Maile and Laina were the recipients of a mini shopping spree with Grandma on Monday. When they came home Maile told me they got THREE coloring books!
me: What kind of coloring books were they?
maile: We gotta dora one…anna Petshops one….anna Bratz one.
maile: mmmhmmm.
me: Grandma doesn’t know I don’t like Bratz dolls.
maile: How come?
me: Because I don’t like little dolls that wear make up and try to dress like adults (and by “adults” I mean hookers).
maile: But der eyes are pretty.
me: I don’t like there eyes.
maile: I like der eyes cause der pretty an when I go to Target for my birfday I’m gonna buy one.
me: Oh is that so?
maile: mmmhmmm.
It’s no shocker that I’m not a big fan of Bratz.
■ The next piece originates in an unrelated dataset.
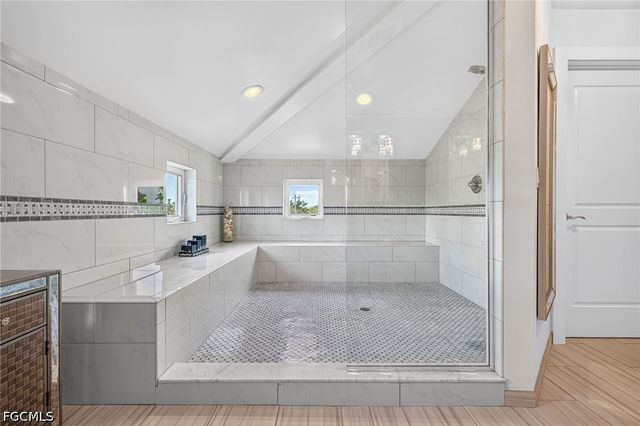 133 Butterknife PL, Sanibel, FL 33957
I just don’t see what the point of them is. And I kind of wonder if we’ve come full circle. I vaguely remember similar issues with Miss Barbie. Weren’t our moms up in arms about the message those perfect blonds were sending to their daughters??
At least Barbie, with her large chest and tiny waist and perfect butt, had a little class. Barbie had careers and hobbies. She was a veterinarian, a hairdresser, a cowgirl, a lawyer. There was a little depth there. But these days even Barbie has taken a walk on the skanky side….what with her new “tramp stamp” and all. A tramp stamp that has KEN’S NAME written in it!!
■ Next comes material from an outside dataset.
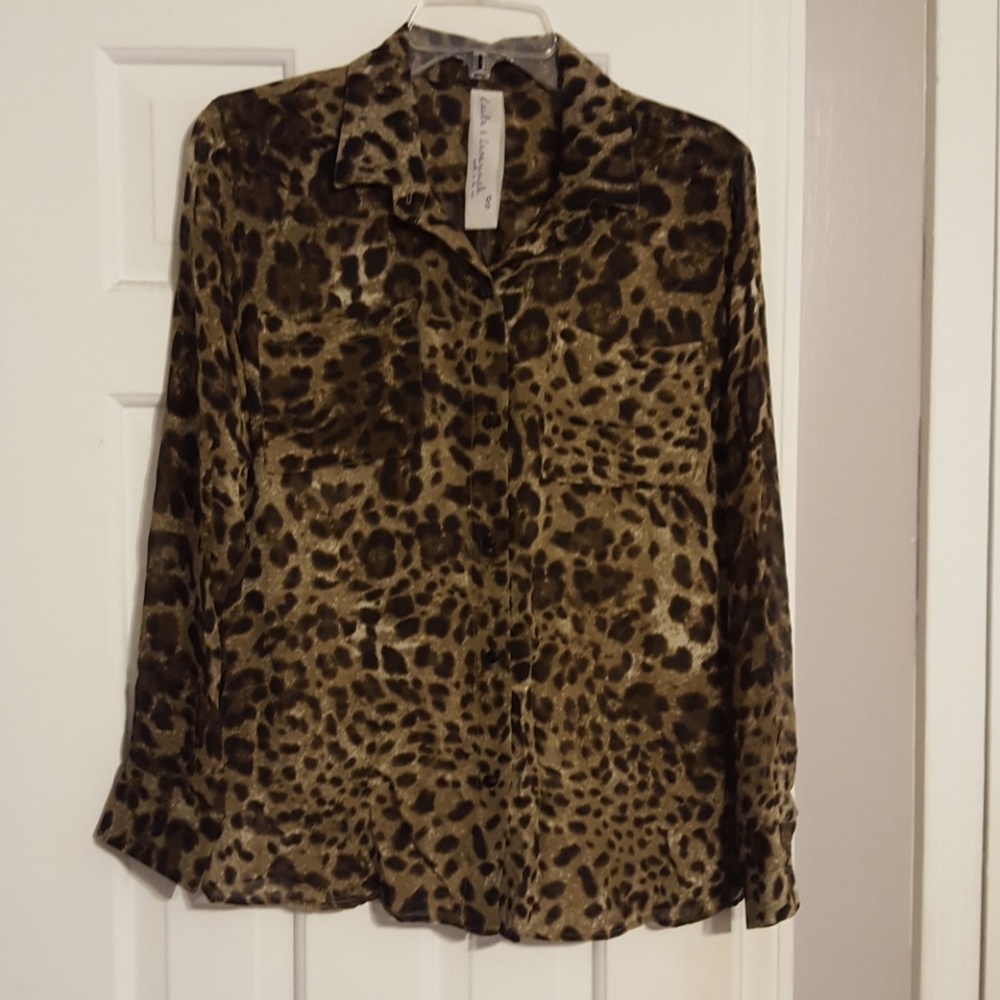 Laila & Savannah animal print blouse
These dolls set a standard of beauty and when you’re a little girl trotting them around their little houses a seed is planted. A seed that tells you this is what beauty is and this is what you need to be. And now look at us…frantically trying to lose weight and dying our hair and getting the implants, etc.
I wasn’t interested in planting that seed for Maile, but I suppose the fact that she even knows the name “Bratz” means the deed has been done. I suppose it was inevitable. I’m not going to raise a big stink about them around her…clearly it just makes her want to go buy one. They’re JUST dolls after all, but I will continue to roll my eyes at them and call them hookers on my blog.
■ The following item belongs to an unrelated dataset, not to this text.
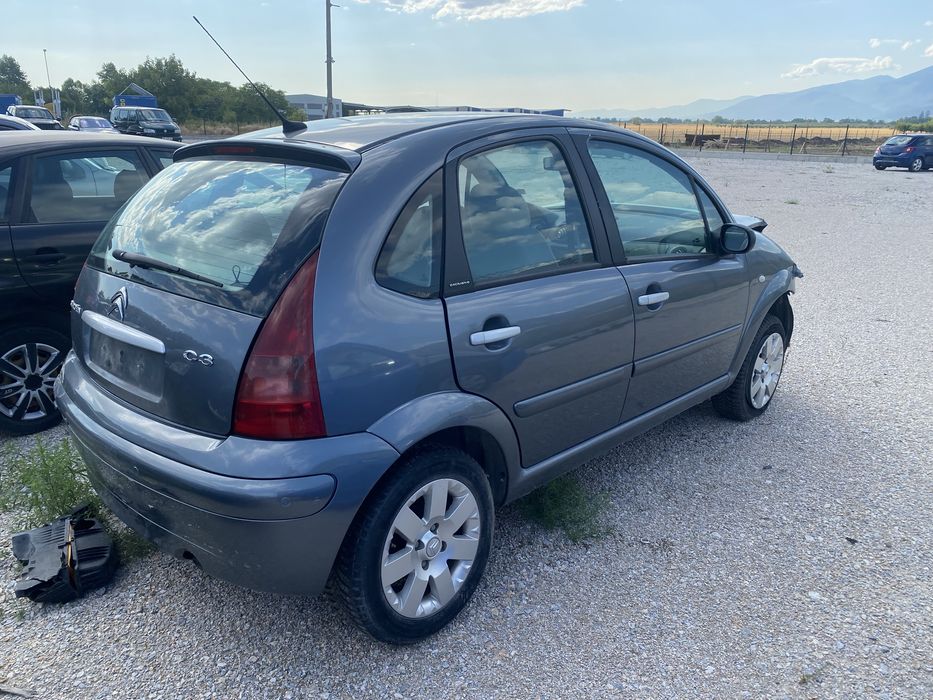 Ситроен Ц3 1.4 75кс бензин автоматик на части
That all being said…what’s the deal with Dora?? I guess they came out with a new, older, “tween” version of Dora that moms are super upset about:
I don’t think she’s that bad!! She doesn’t have boobs…she’s not wearing make up…she lost that ridiculous back pack and her talking map…I think Dora’s growing up nicely. We need to pick our battles ladies. Let’s leave Dora alone to explore her tween years and team up on bratz dolls.
Or if we’re fighting a losing battle let’s all have a couple drinks and go get some tramp stamps.
If you can’t beat ’em, join ’em…right!?!
Stacey says
I didnt know about the tween Dora. But I’ll take her any day over Tattoo Barbie and Bratz. Even the NAME is annoying. When I was kid, being a brat meant that you were a mouthy, disrespectful, misbehaving…brat. What’s up with wanting to buy them now?!
Cassandra says
Ew. They’re sooo UGLY. I don’t know what the deal with Barbie having a tramp stamp is all about, but I grew up with her, and she was just fine. Good role model back then.
If we thought Barbie was disproportionate, just look at those Bratz dolls. They’re heads are HUGE. Not to mention, their horrible taste in clothes, and talk about BAD make up choices.
Shawna says
I don’t have kids yet, but I totally agree with you on the Bratz dolls. I cringe everytime I see them. What kind of message is that for young, impressionable girls to be playing with sluttly looking dolls? Seriously. i kept hoping that it was a fad that wouldn’t stick around. Unfortunately that hasn’t been the case. Blar.